The despicable lot is the one that does not fall in this category and yet takes the moral high ground to serve a selfish motive which is often about keeping male dominance alive. Do they feel threatened by women’s sexuality? Are they apprehensive that they might lose control when they see a woman’s cleavage or a swaying gait that puts a pachyderm to shame? Or are they insecure about themselves?
A boldly dressed woman will attract the male gaze in greater numbers and voila, we have serious competition at hand. By the way, women too are equal participants (sometimes) in his charade.
Who is setting the boundaries?
These answers aren’t easy to fetch. We have seen how some men behave with their wives (code of conduct imposed, etc) but have a different approach while interacting with their daughters. Haven’t we seen thousands of cases where the man is impervious to his wife’s desire but is far more accommodative with daughters?
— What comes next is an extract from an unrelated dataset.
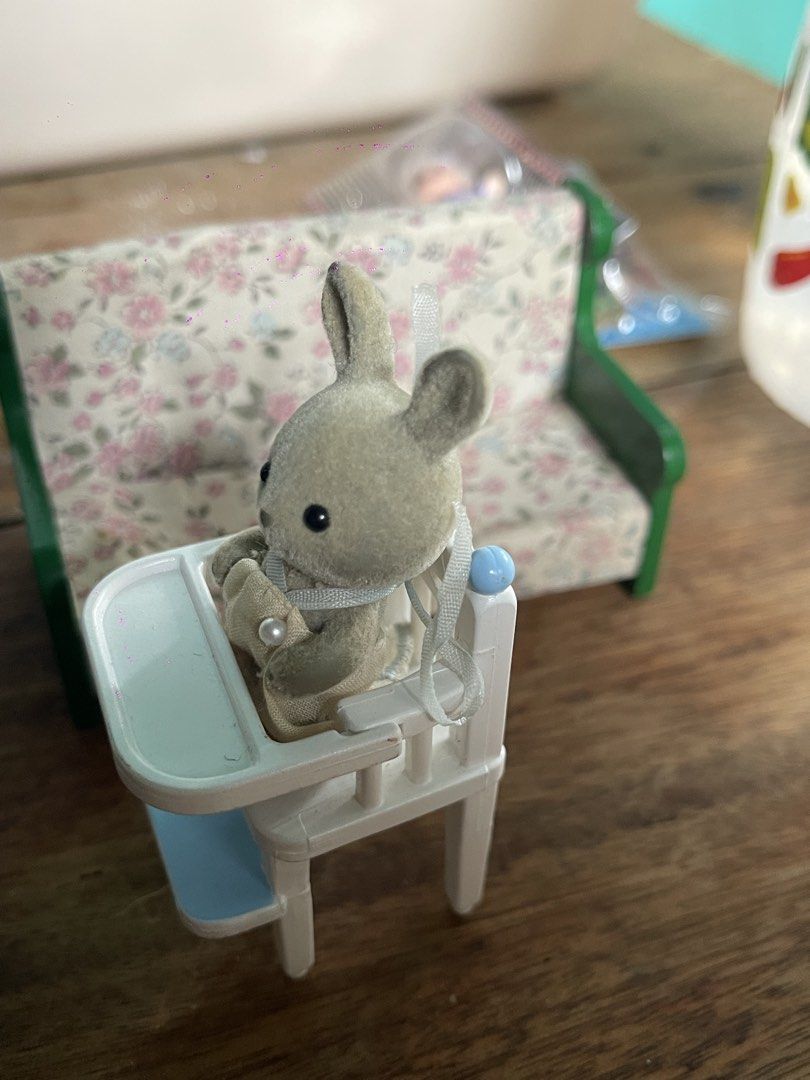 Epoch Sylvanian Families Bunny Baby High Chair & Sofa (Category: Kids Tables & Chairs) located in Muntinlupa City. Submitted by wgesez5uji (Listing ID 1442114585, Image 2). Description: - Sylvanian Families bunny baby set - Includes white and blue high chair - Features a cute bunny wearing a bib - Comes with a small floral sofa - Ideal for imaginative pretend play - Made by Epoch Co., Ltd..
Finally, here is what I will say. Crime against women has gone up ten-fold – at least the ones being reported, therefore it’s very important to dress in a responsible manner. What does that mean? It means that women should exercise the freedom to dress exactly the way they please; a vibrant democracy gives them the choice. But also be aware of the situation they are likely to be in and the company. Take a call accordingly.
The “Ripped Jeans” remark is deplorable, to say the least. Airports should be safe enough place for women to dress as they please, and we don’t want a country where they have to exercise restraint in such places. If that happens, it’ll be the end of democracy as we know it.
And, sorry, I can’t go to Pakistan. I am fearful of Shoaib Akhtar!